**Captioned web images:**
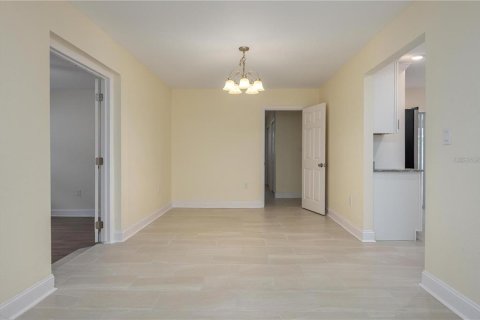 Villa ou maison à louer à Lakeland, Floride: 4 chambres, 212.1 m2 № 2403170 - photo 6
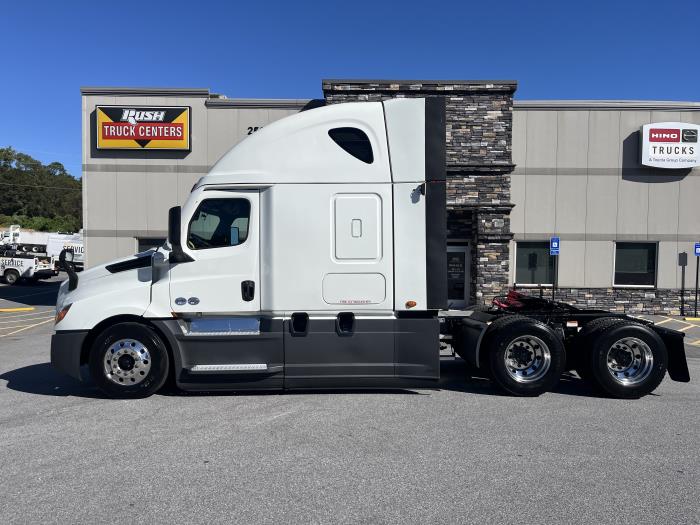 2021 Freightliner Cascadia-6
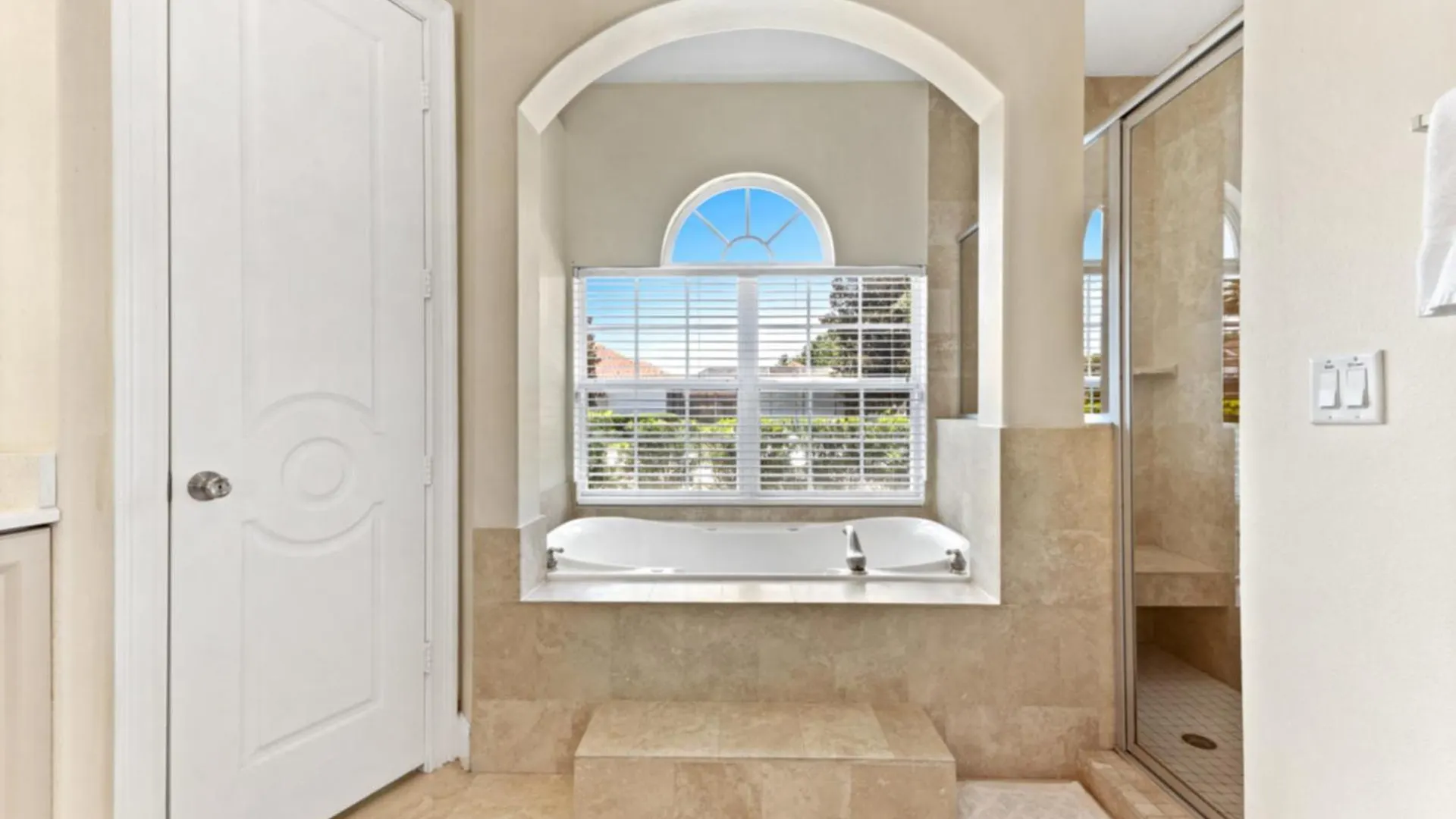 Exclusive With Large Private Pool On Reunion And Orlando 5282 Kissimmee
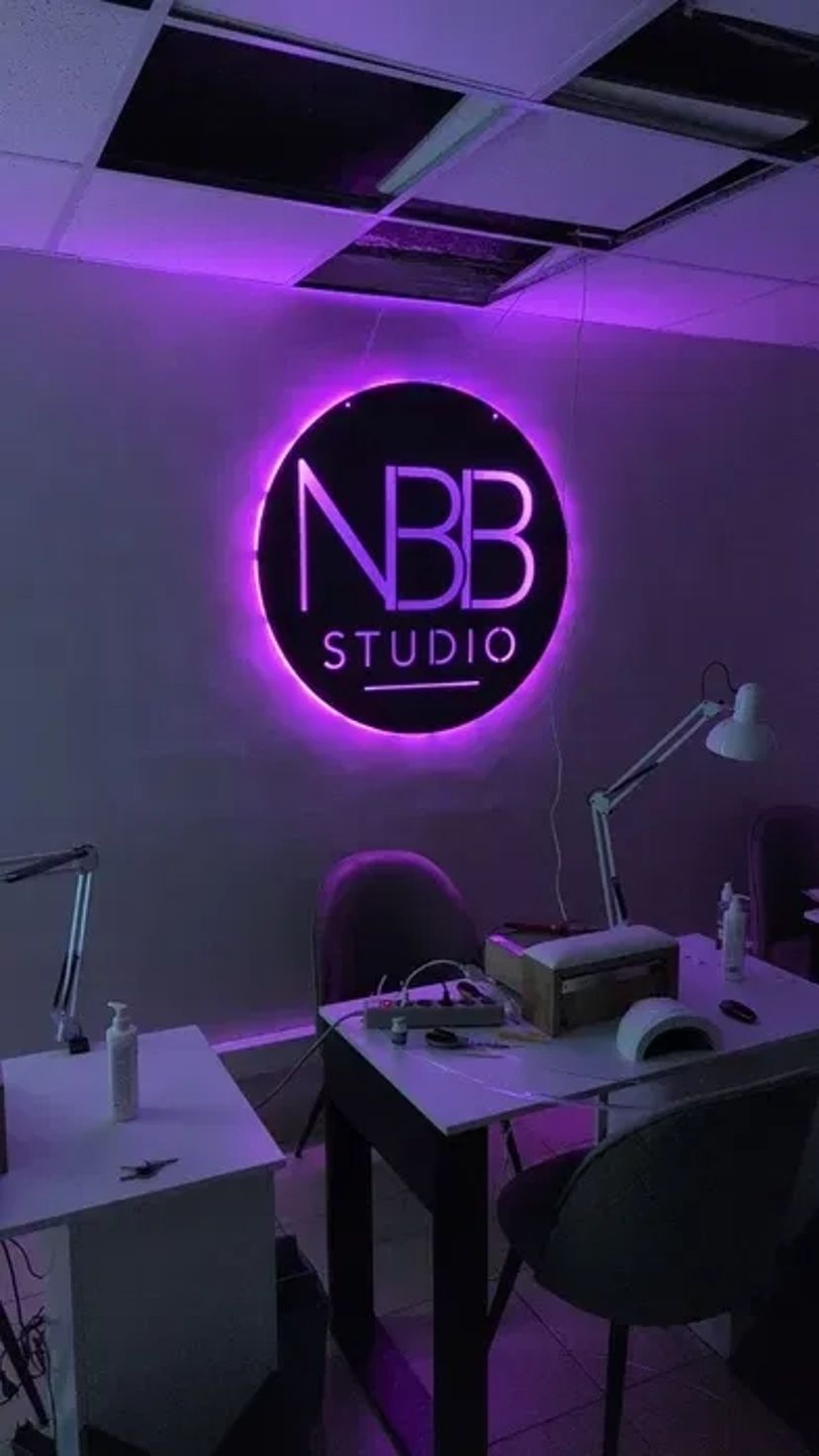 Курси манікюру, навчання від Топ майстра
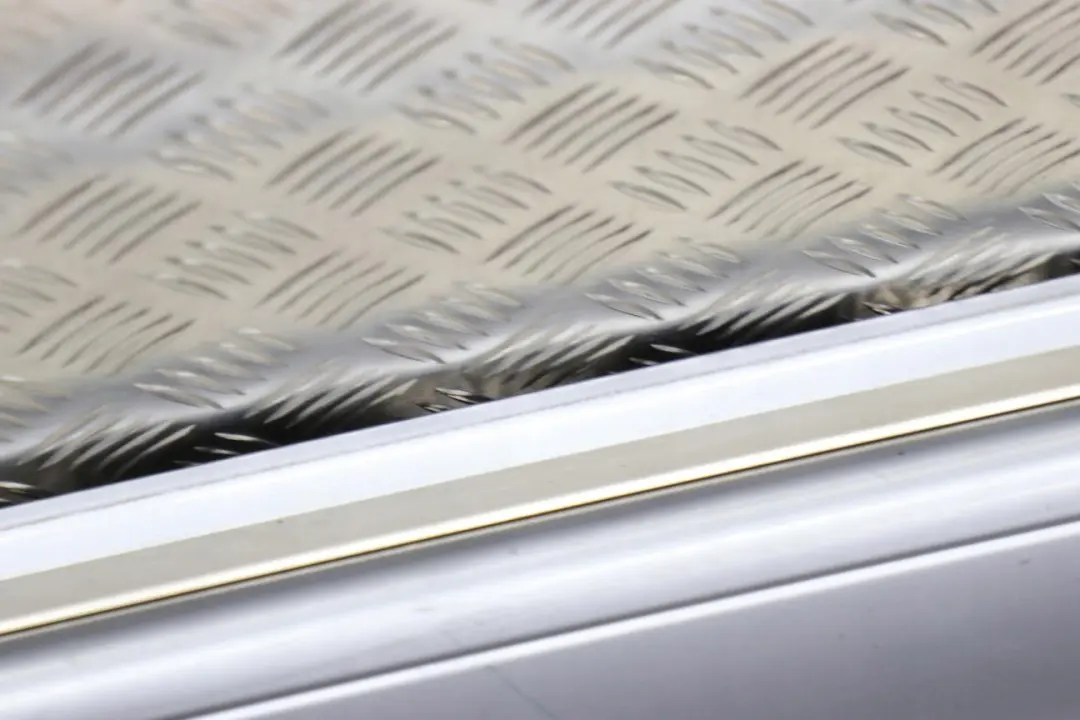 Aerokit Door Sill Cover Skirt Left N/S Bluewater Metallic - 896 to BMW X3 E83 1 with Part number 0302753 BMW X3 E83 1 Aerokit Door Sill Cover Skirt Left N/S Bluewater Metallic - 896 - SKU 0302753-WB1 - Part number 0302753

**Work instructions:** Leave out any pictures and return exactly the lines from the beginning of the data through the line with "Курси манікюру, навчання від Топ майстра", inclusive.

**Answer box:**
 Villa ou maison à louer à Lakeland, Floride: 4 chambres, 212.1 m2 № 2403170 - photo 6
 2021 Freightliner Cascadia-6
 Exclusive With Large Private Pool On Reunion And Orlando 5282 Kissimmee
 Курси манікюру, навчання від Топ майстра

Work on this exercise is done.